┏━━

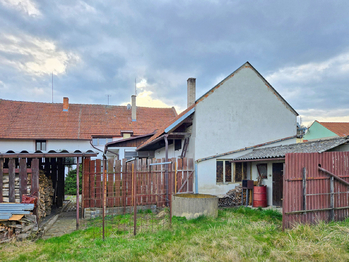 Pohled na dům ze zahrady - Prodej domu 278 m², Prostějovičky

┗━━
┏━━

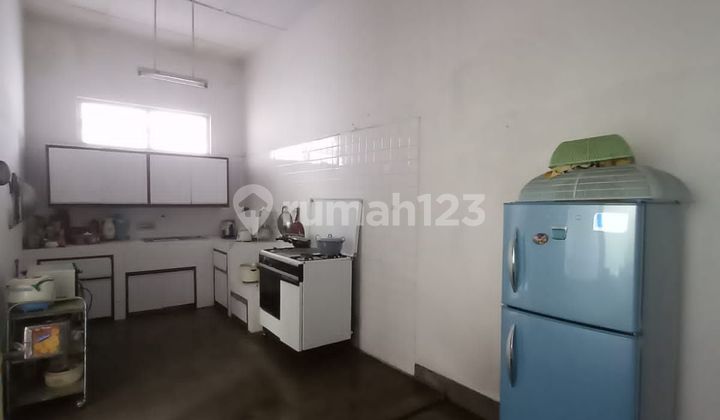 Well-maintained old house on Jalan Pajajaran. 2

┗━━
┏━━

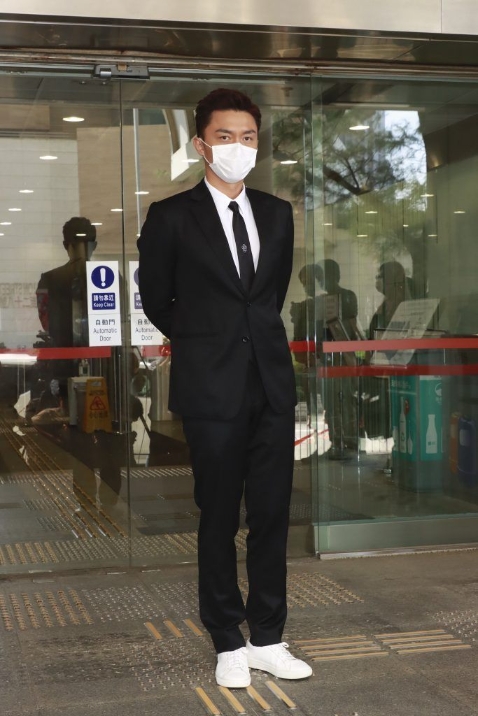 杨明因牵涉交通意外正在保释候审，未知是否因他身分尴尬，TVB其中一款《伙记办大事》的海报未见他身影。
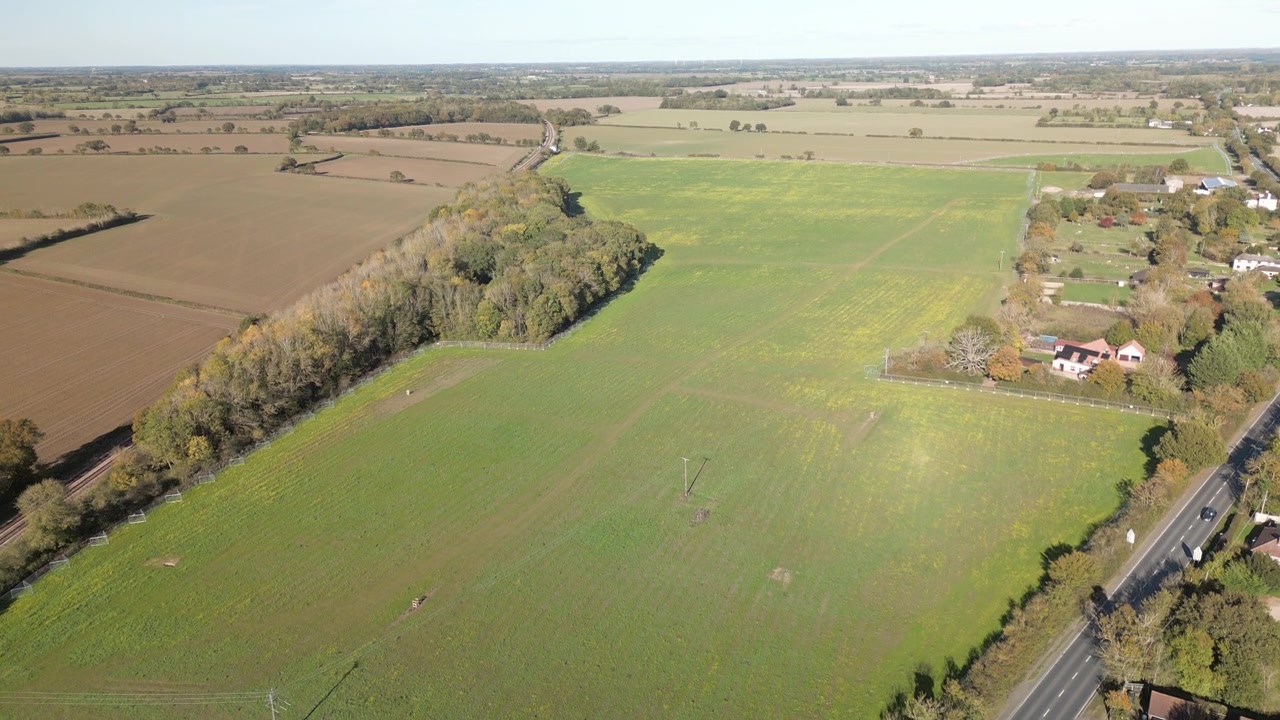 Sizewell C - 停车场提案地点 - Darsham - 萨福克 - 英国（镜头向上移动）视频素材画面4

┗━━

**WORK INSTRUCTIONS:** In the listing above, find the line with "杨明因牵涉交通意外正在保释候" and the line with "Sizewell C - 停车场提案地点". Output both, plus every line between them, and no pictures.

**WRITTEN RESPONSE:**
 杨明因牵涉交通意外正在保释候审，未知是否因他身分尴尬，TVB其中一款《伙记办大事》的海报未见他身影。
 Sizewell C - 停车场提案地点 - Darsham - 萨福克 - 英国（镜头向上移动）视频素材画面4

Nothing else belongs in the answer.